Editos - Réforme

STRUCTURES ET CRÉATION D’EMPLOI
2-LES TRÈS GRANDES ENTREPRISES.

Qui ne connaît la célèbre question que posa Staline en 1935 au moment de la montée du péril Nazi : « Le Pape, combien de divisions ? » Chacun sait que la force mit fin à la barbarie hitlérienne. Le bolchevisme n’a pu se maintenir par la puissance militaire et doit sa chute aux forces combinées de l’esprit et de la matérialité.

Le monde est encore dangereux. Il est soumis à ces mêmes forces et à des formes de menaces, diverses, indissociables, coûteuses, géographiquement dispersées, rendues plus mouvantes par la démographie. Plus que jamais s’impose à chaque pays la nécessité d’adapter le nombre, le contenu et le contour de ses structures de sécurité. Chaque péril doit trouver sa parade, ses moyens, ses prélèvements sur l’économie générale.

La guerre économique dans laquelle nous sommes engagés aujourd’hui appelle des ripostes appropriées. Des questions éternelles subsistent. Les analogies guerrières abondent pour les poser. Combien d’hommes à nourrir et à protéger ? Combien d’entreprises sur « pied de guerre » ? Combien de travailleurs disponibles ? Combien de citoyens mobilisables ? Quelles sont leurs missions ? Quelles affectations leur donner ?

La France est riche de quelques douzaines de très grandes entreprises qui ont une place éminente dans l’économie nationale et internationale. Leur filiation complexe rend difficile d’en nommer les créateurs. Elles sont pour la plupart issues d’entreprises publiques elles-mêmes souvent héritières de nationalisations et dénationalisations successives. Elles ont assuré leur croissance par fusion, par internationalisation en s’ouvrant aux capitaux mondiaux, en mondialisant leur production, leur clientèle, leur recrutement. Elles s’optimisent en fonction d’objectifs qui leur sont propres. Elles tendent à devenir des empires financiers dont les préoccupations capitalistiques prennent le pas sur la technique, sur la production, sur les considérations humaines et environnementales.

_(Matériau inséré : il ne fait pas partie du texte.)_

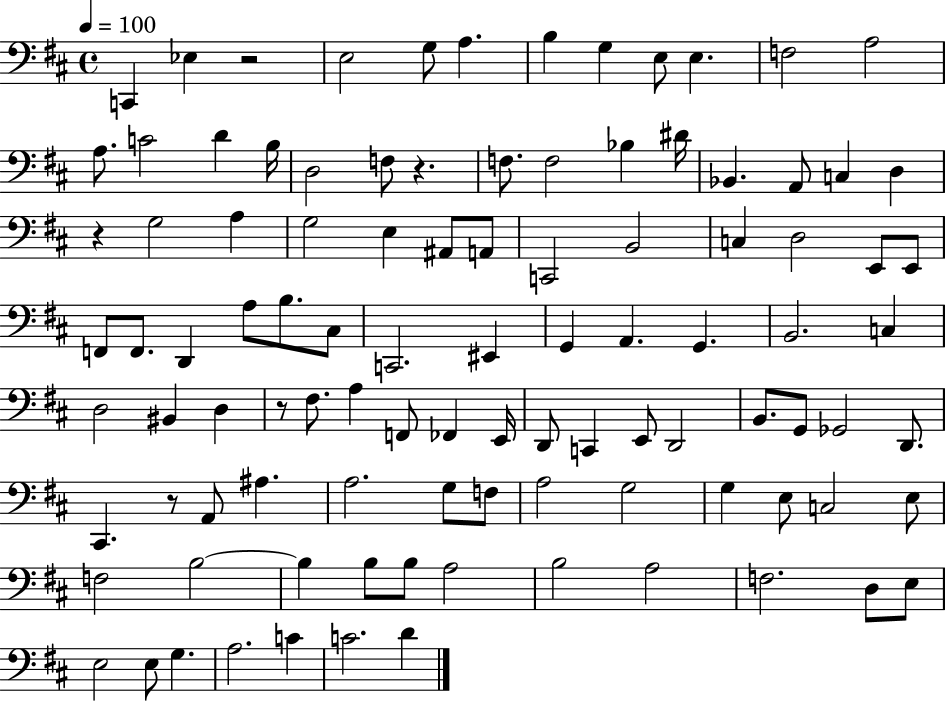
C2/q Eb3/q R/h E3/h G3/e A3/q. B3/q G3/q E3/e E3/q. F3/h A3/h A3/e. C4/h D4/q B3/s D3/h F3/e R/q. F3/e. F3/h Bb3/q D#4/s Bb2/q. A2/e C3/q D3/q R/q G3/h A3/q G3/h E3/q A#2/e A2/e C2/h B2/h C3/q D3/h E2/e E2/e F2/e F2/e. D2/q A3/e B3/e. C#3/e C2/h. EIS2/q G2/q A2/q. G2/q. B2/h. C3/q D3/h BIS2/q D3/q R/e F#3/e. A3/q F2/e FES2/q E2/s D2/e C2/q E2/e D2/h B2/e. G2/e Gb2/h D2/e. C#2/q. R/e A2/e A#3/q. A3/h. G3/e F3/e A3/h G3/h G3/q E3/e C3/h E3/e F3/h B3/h B3/q B3/e B3/e A3/h B3/h A3/h F3/h. D3/e E3/e E3/h E3/e G3/q. A3/h. C4/q C4/h. D4/q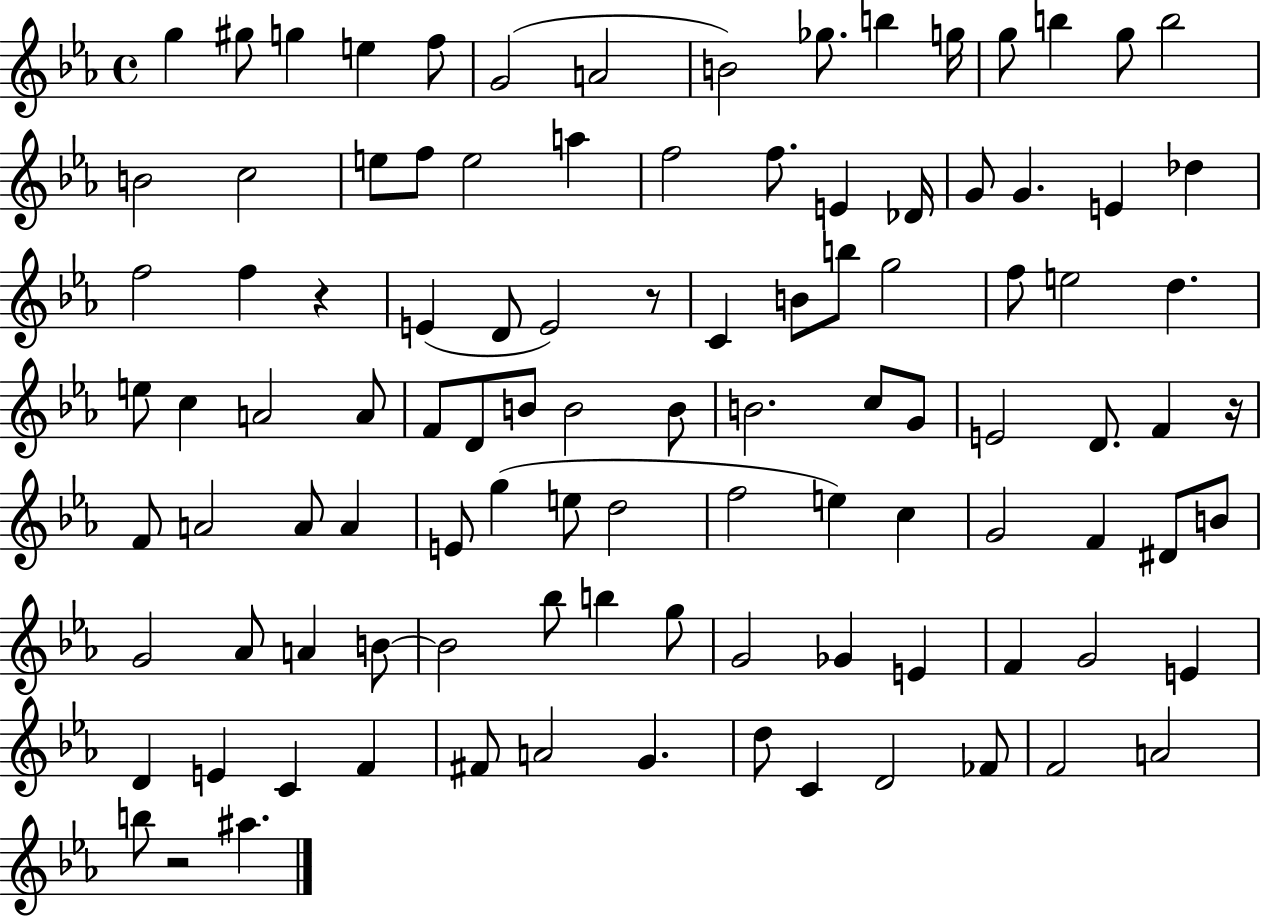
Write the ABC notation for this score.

X:1
T:Untitled
M:4/4
L:1/4
K:Eb
g ^g/2 g e f/2 G2 A2 B2 _g/2 b g/4 g/2 b g/2 b2 B2 c2 e/2 f/2 e2 a f2 f/2 E _D/4 G/2 G E _d f2 f z E D/2 E2 z/2 C B/2 b/2 g2 f/2 e2 d e/2 c A2 A/2 F/2 D/2 B/2 B2 B/2 B2 c/2 G/2 E2 D/2 F z/4 F/2 A2 A/2 A E/2 g e/2 d2 f2 e c G2 F ^D/2 B/2 G2 _A/2 A B/2 B2 _b/2 b g/2 G2 _G E F G2 E D E C F ^F/2 A2 G d/2 C D2 _F/2 F2 A2 b/2 z2 ^a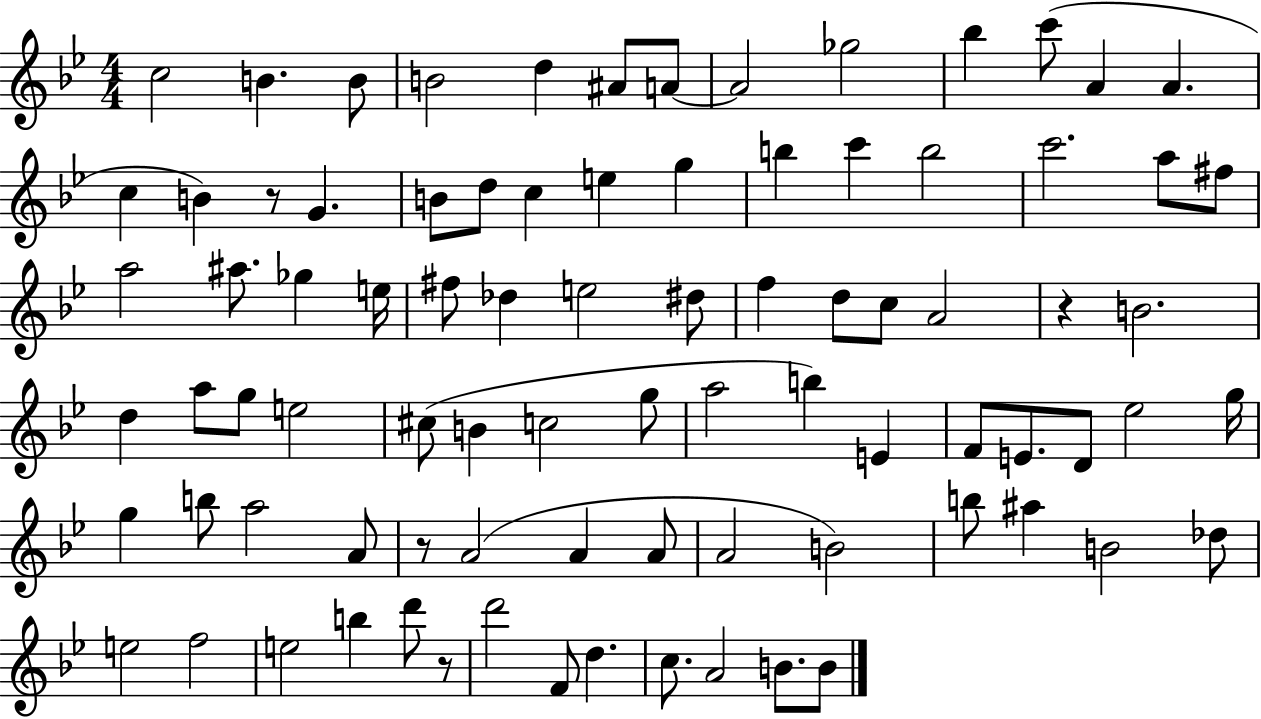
{
  \clef treble
  \numericTimeSignature
  \time 4/4
  \key bes \major
  c''2 b'4. b'8 | b'2 d''4 ais'8 a'8~~ | a'2 ges''2 | bes''4 c'''8( a'4 a'4. | \break c''4 b'4) r8 g'4. | b'8 d''8 c''4 e''4 g''4 | b''4 c'''4 b''2 | c'''2. a''8 fis''8 | \break a''2 ais''8. ges''4 e''16 | fis''8 des''4 e''2 dis''8 | f''4 d''8 c''8 a'2 | r4 b'2. | \break d''4 a''8 g''8 e''2 | cis''8( b'4 c''2 g''8 | a''2 b''4) e'4 | f'8 e'8. d'8 ees''2 g''16 | \break g''4 b''8 a''2 a'8 | r8 a'2( a'4 a'8 | a'2 b'2) | b''8 ais''4 b'2 des''8 | \break e''2 f''2 | e''2 b''4 d'''8 r8 | d'''2 f'8 d''4. | c''8. a'2 b'8. b'8 | \break \bar "|."
}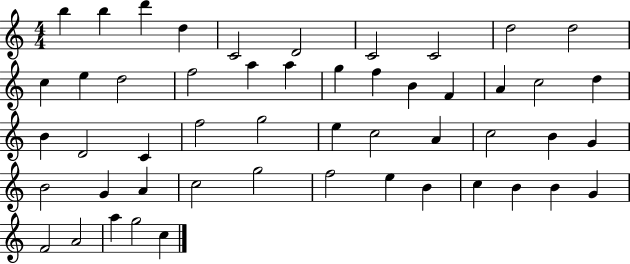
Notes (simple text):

B5/q B5/q D6/q D5/q C4/h D4/h C4/h C4/h D5/h D5/h C5/q E5/q D5/h F5/h A5/q A5/q G5/q F5/q B4/q F4/q A4/q C5/h D5/q B4/q D4/h C4/q F5/h G5/h E5/q C5/h A4/q C5/h B4/q G4/q B4/h G4/q A4/q C5/h G5/h F5/h E5/q B4/q C5/q B4/q B4/q G4/q F4/h A4/h A5/q G5/h C5/q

Hormis les exceptions portées par des innovations fulgurantes, la création de très grandes entreprises résulte de grands projets, lents, incertains, initiés et soutenus par des états et/ou des puissances financières internationales. Leur processus de gestation et de croissance est lourd et peu reproductible. Les très grandes structures sont oublieuses de leurs origines et de ce qu’elles doivent à leur environnement. Elles se développent en phagocytant tout ce qui peut l’être, en asservissant les petites et moyennes entreprises qui les font vivre. Le nationalisme et l’internationalisme leur donnent des raisons d’être impérialistes. Leur impérium intérieur n’est guère justifiable.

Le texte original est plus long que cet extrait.